### PROVIDED DATA

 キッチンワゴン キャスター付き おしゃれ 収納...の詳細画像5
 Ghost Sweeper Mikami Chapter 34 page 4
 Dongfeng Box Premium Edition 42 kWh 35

### YOUR GOAL
Output the full listing again with nothing altered.

### EXERCISE OUTPUT
 キッチンワゴン キャスター付き おしゃれ 収納...の詳細画像5
 Ghost Sweeper Mikami Chapter 34 page 4
 Dongfeng Box Premium Edition 42 kWh 35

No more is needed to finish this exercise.